▶ _DATA PROVIDED_

════

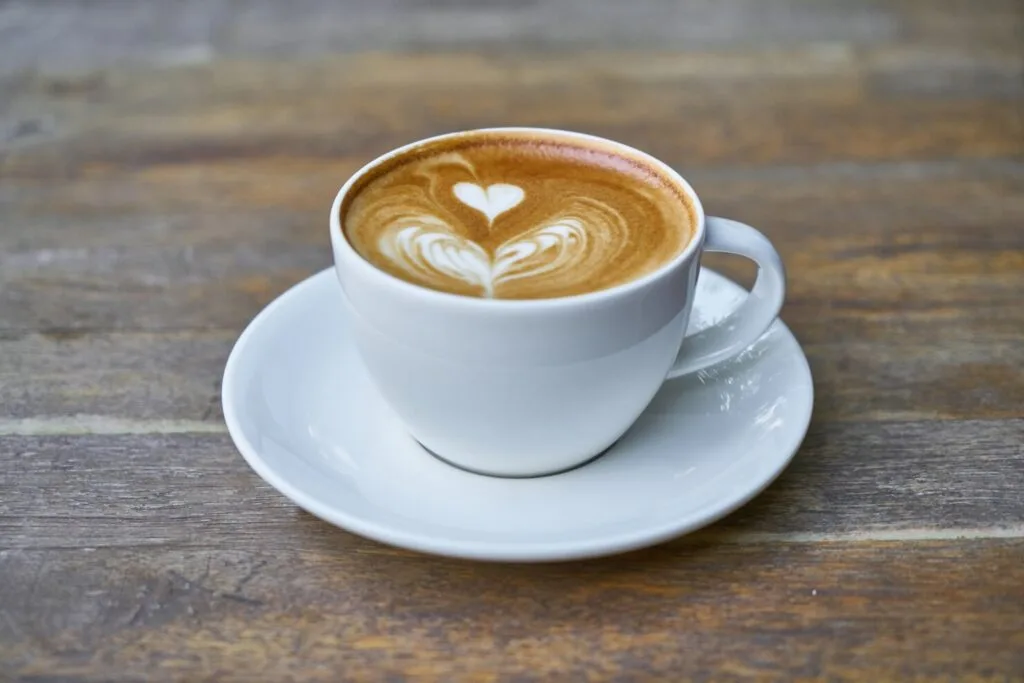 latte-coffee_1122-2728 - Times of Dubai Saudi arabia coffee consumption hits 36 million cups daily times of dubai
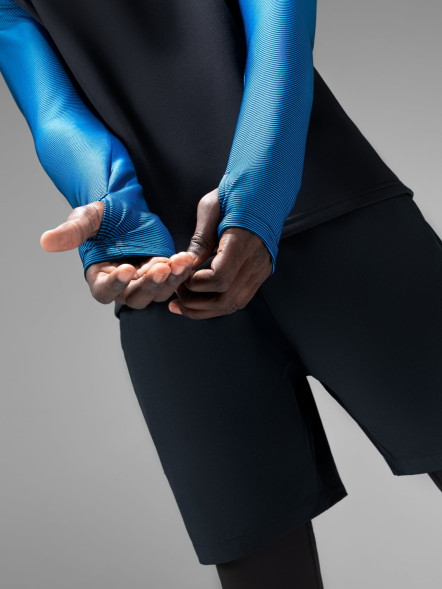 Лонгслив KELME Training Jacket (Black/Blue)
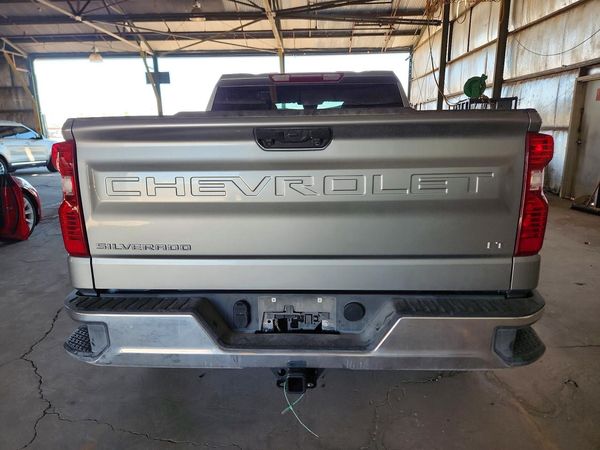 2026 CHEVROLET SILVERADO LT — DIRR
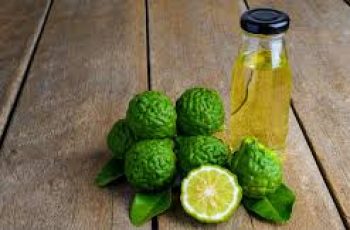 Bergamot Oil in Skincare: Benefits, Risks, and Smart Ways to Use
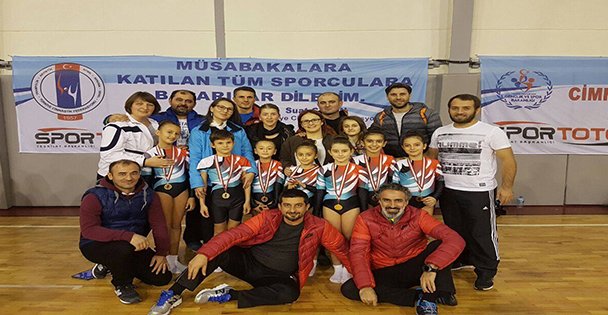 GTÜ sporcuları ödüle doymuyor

════

▶ _TASK PROMPT_
Reproduce exactly the part of the records above that begins at the line holding "Bergamot Oil in" and ends at the final line, both included, leaving out the pictures.

▶ _RESPONSE BOX_
 Bergamot Oil in Skincare: Benefits, Risks, and Smart Ways to Use
 GTÜ sporcuları ödüle doymuyor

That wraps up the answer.